Lent. The Christian equivalent of Ramadan, when we’re all supposed to give something up, like beer, in recognition of the forty days Jesus allegedly spent in a decidedly beer-free wilderness and the opening curtain before Easter, or Eostre, to give it its old pagan name; Christians being shameless plagiarisers.
To the Jews, the number forty is significant. It is a number that, when used in terms of time, represents a period of probation or trial and chastisement. It isn’t generally used to signify a specific number, but rather more as a general term for a large figure. When used in terms of time, it simply means a “long time”. Thus, the phrase “40 days and 40 nights” is just another way to say a “really, really long time”. Which is encouraging, really, since forty days without a spot of nutriment to keep the metabolism ticking over is a pretty extreme way to shed a few kilos.
So, back to the last three days.
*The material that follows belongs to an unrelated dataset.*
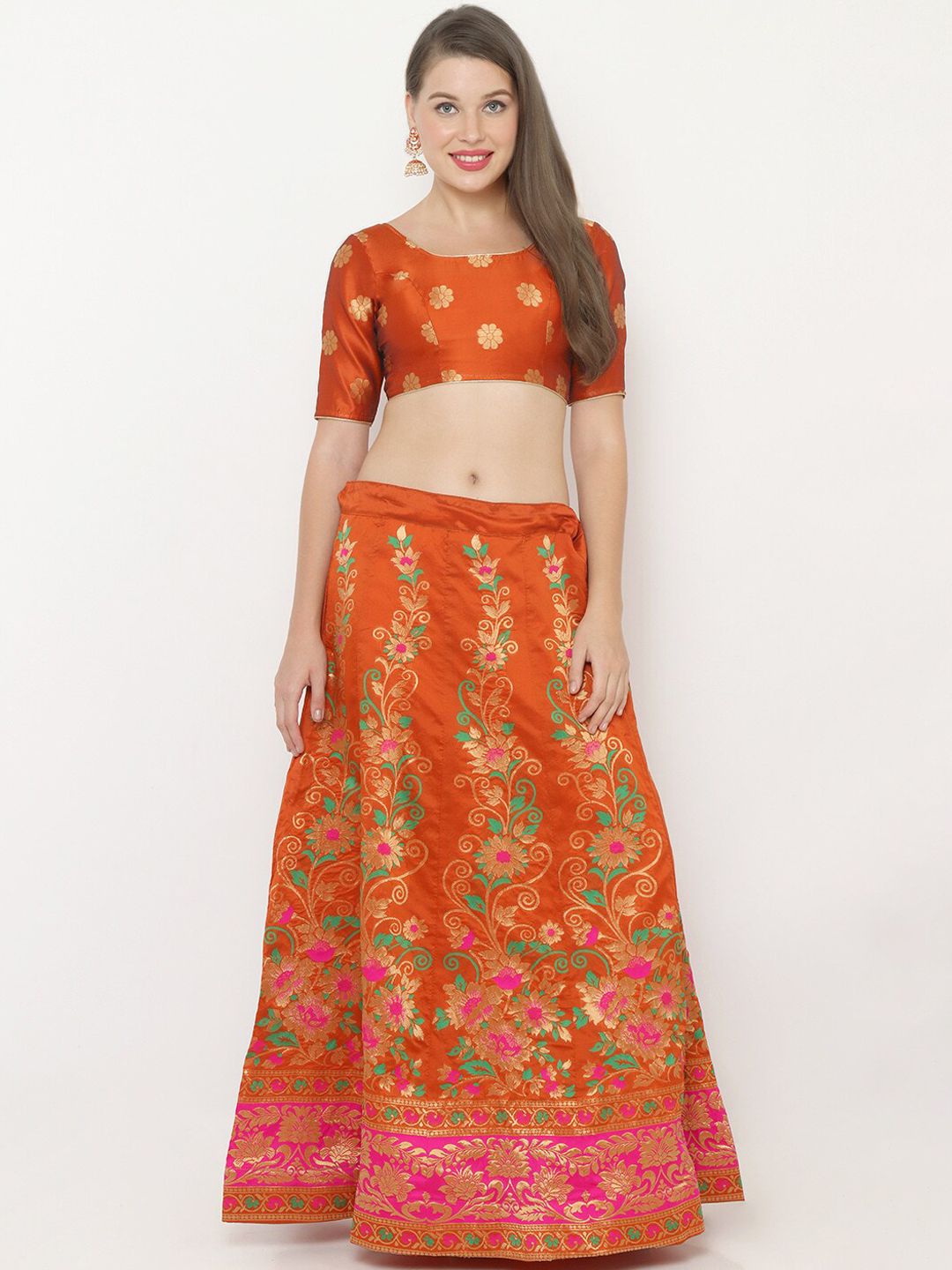 SALWAR STUDIO Women Orange & Gold Coloured Woven Design Semi Stitched Lehenga with Unstitched Choli Price in India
Working backwards, we are now in Fat Thursday, Not to be confused with Maundy Thursday where HMQ totters round to poorer districts handing out little coins. Or, she did once; now it’s a bit more formal. Washing of feet is also involved, but we don’t need to go there, since all this happens at the end of Lent, not at the beginning. Traditionally Fat T is a day dedicated to eating when people meet with their friends and relatives and shovel down large quantities of sweets, cakes and other delicacies usually not partaken of during Lent. Among the most popular all-national dishes served on that day are paczki in Poland or berliner which are fist-sized doughnuts filled with rose hip jam. Stoking up on sugar before the penitent season.
Wednesday. Only in California. A drive-thru (sorry, that is how they spell it) where commuters wind down their car windows, where a priest stands ready, a fast confession, absolution, administration of ashes, then off to work, cleansed and forgiven. Marvellous. I did wonder if a particularly penitent commuter, having a good deal to confess, might cause the traffic to back up as far as San Diego, but, no details were given.
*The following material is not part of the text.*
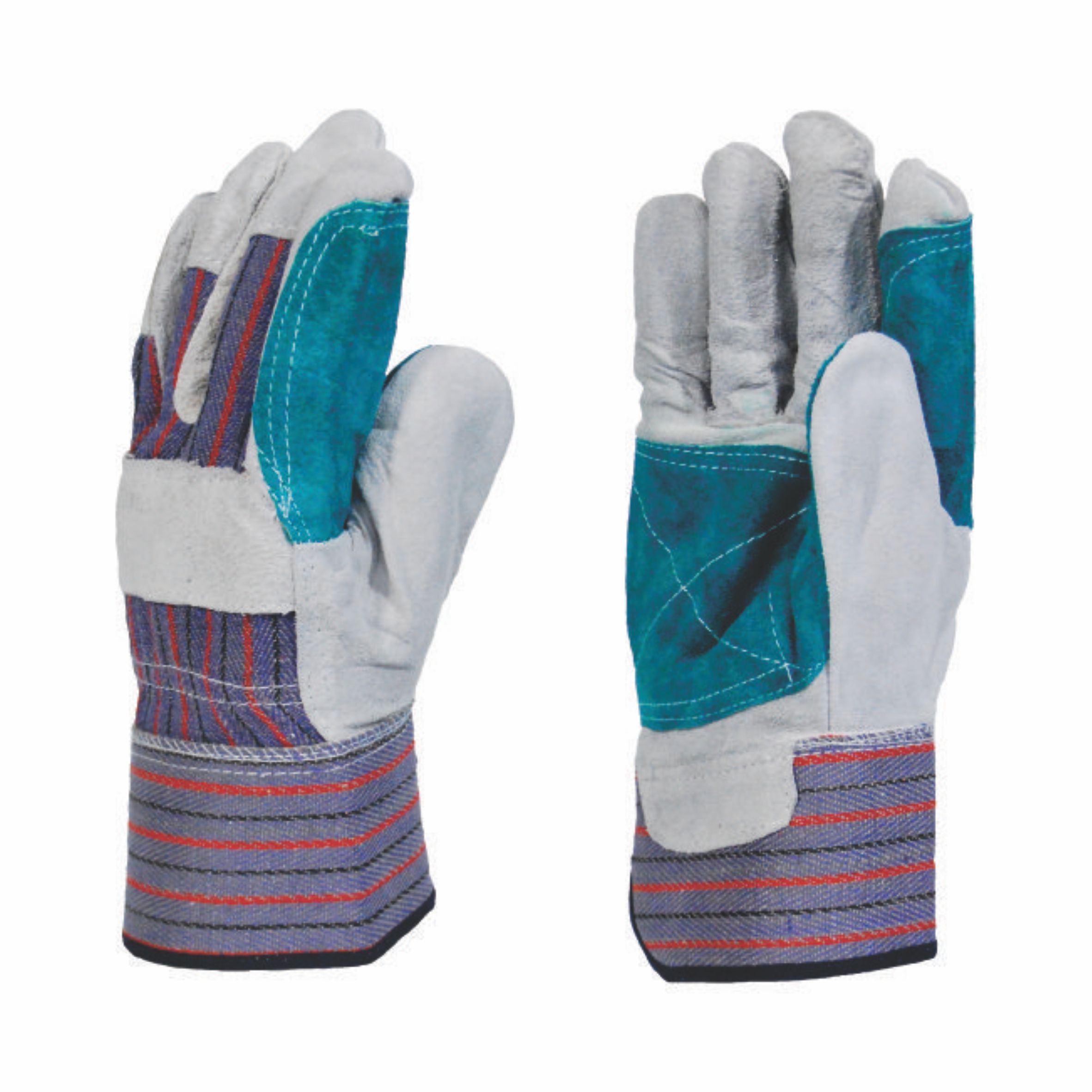 CANDY STRIPE CHROME LEATHER GREEN REINFORCED PALM GLOVES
Oh, and before any Canadian friends have a hissy fit, they did it in Vancouver as well. I imagine it was a good deal chillier in the Great White Up ad the priest wore his thermal vest.
Forty eight hours ago was Shrove Tuesday, or Pancake Day, or Mardi Gras, depending on where you live. The idea once was that one “makes a special point of self-examination, of considering what wrongs one need to repent of, and what amendments of life or areas of spiritual growth one especially needs to ask God’s help in dealing with”, before getting shriven on Wednesday. Alternatively, you get to dress up in silly costumes and have a party, with or without pancakes. In New Orleans, they make rather a big deal of it all, festivities beginning two weeks earlier, the final parade being on Tuesday. Cross-dressing is positively encouraged, if this is your particular glass of milk.
Why did I post this? Because it illustrates that we take what we need to take from festivals, high holy days, or holidays, and remake them in our own image, sometimes refreshing the old, sometimes discarding the apparently arcane and reconfiguring them to be culturally relevant and possibly a bit more fun. Is this ‘sinful’? I don’t think so – there are very few Catholics who adhere to the Tridentine (Latin) Rite – most people realise that they get more out of it if they can actually understand what’s going on.
So, pig out, people. It’s gonna be a long Lent.